<<<<

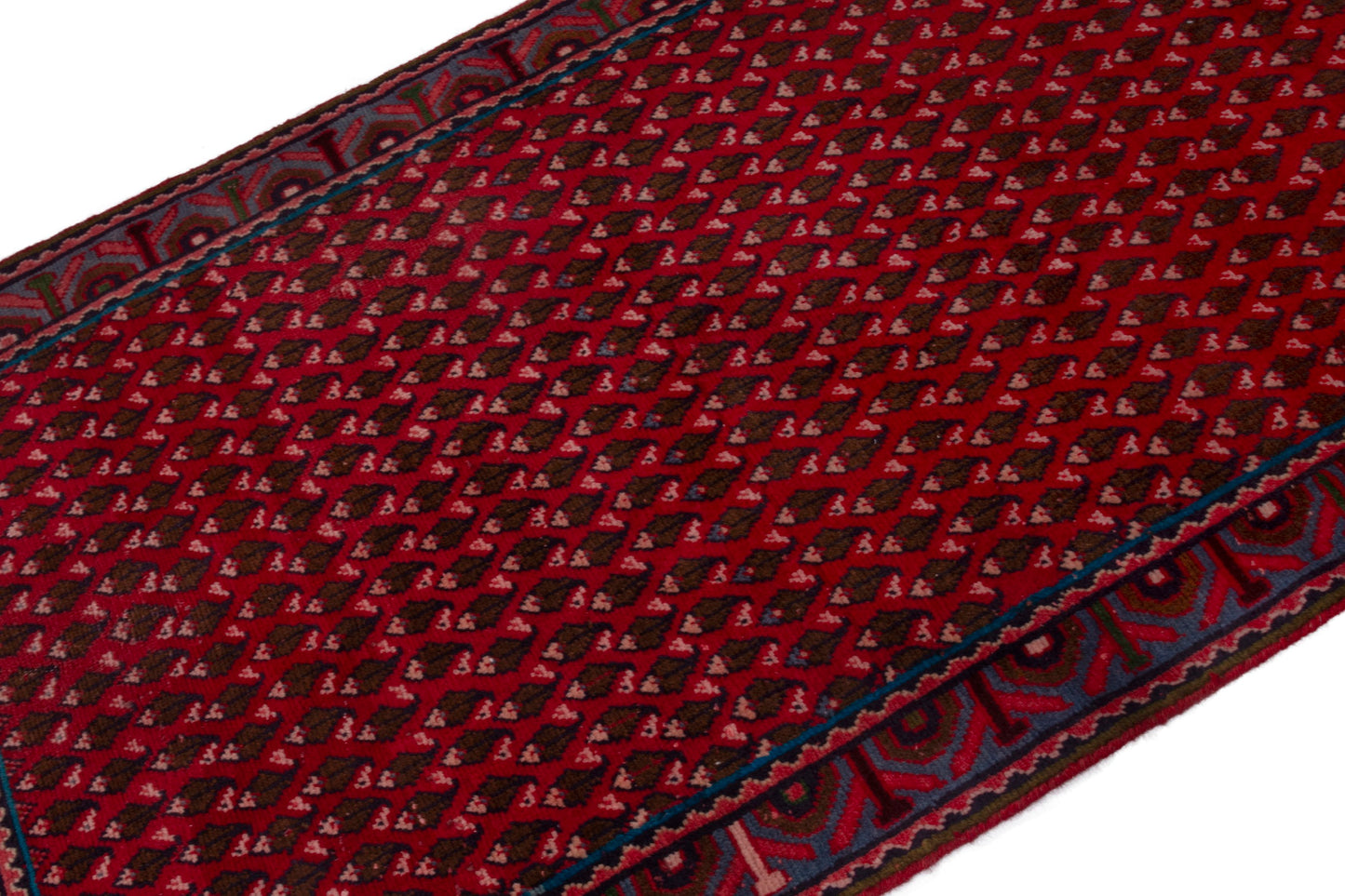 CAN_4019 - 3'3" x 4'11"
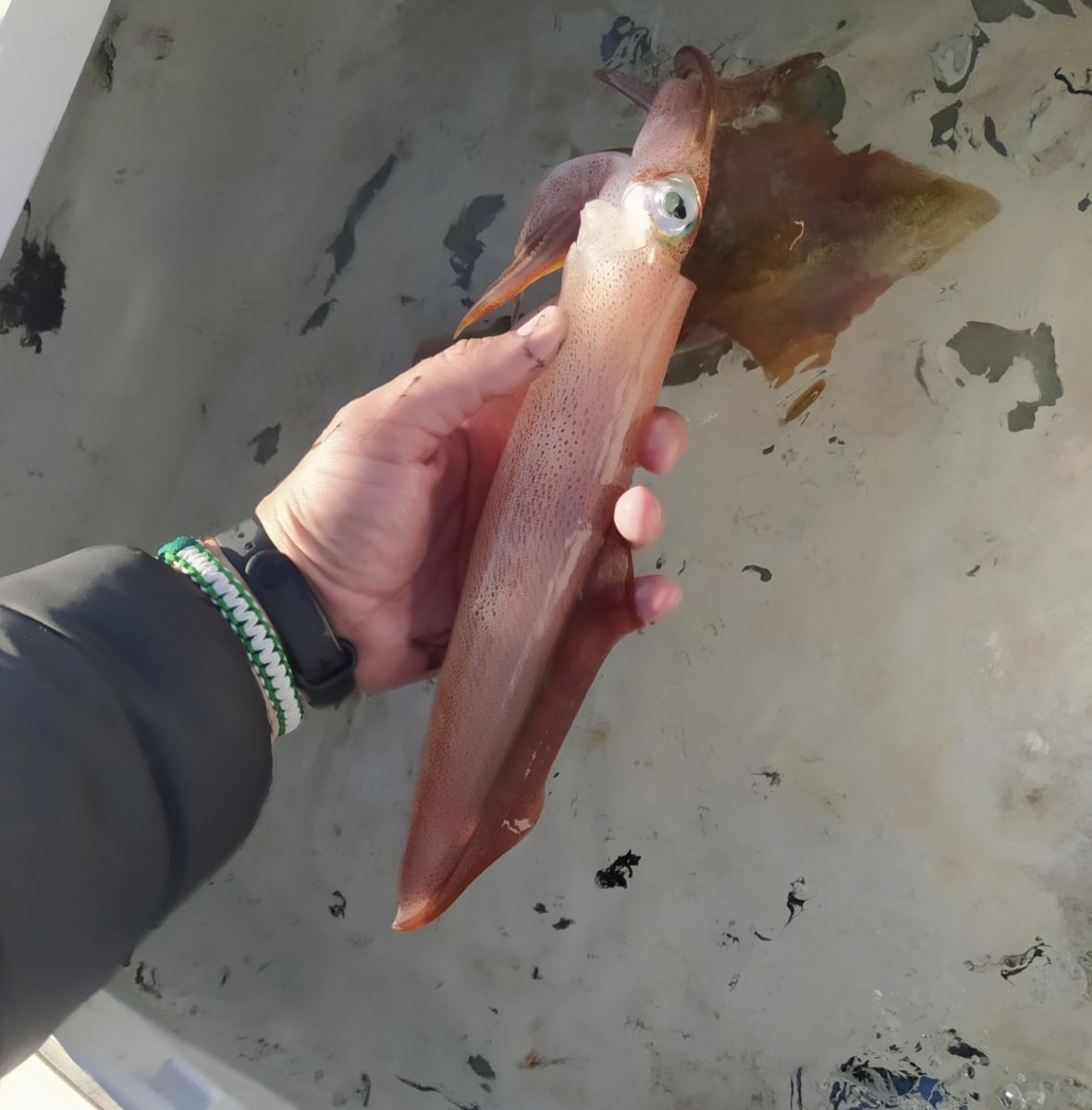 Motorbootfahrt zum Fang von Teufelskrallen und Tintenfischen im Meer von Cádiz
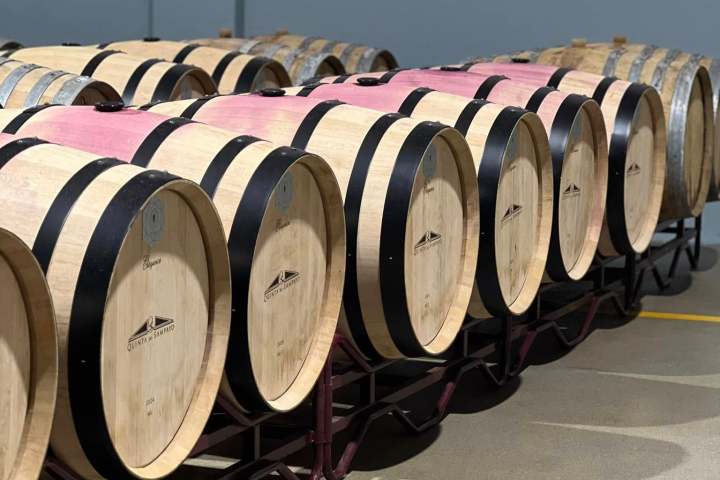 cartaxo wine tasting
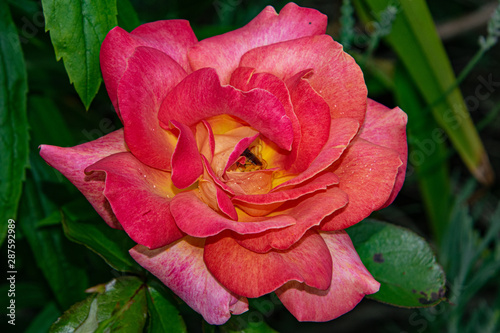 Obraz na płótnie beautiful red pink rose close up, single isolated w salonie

>>>>

◆ TASK: Find the line that contains "Motorbootfahrt zum Fang" and repeat it, along with every line after it to the end of the data, exactly; drop the pictures.

◆ RESULT OF THE EXERCISE:
 Motorbootfahrt zum Fang von Teufelskrallen und Tintenfischen im Meer von Cádiz
 cartaxo wine tasting
 Obraz na płótnie beautiful red pink rose close up, single isolated w salonie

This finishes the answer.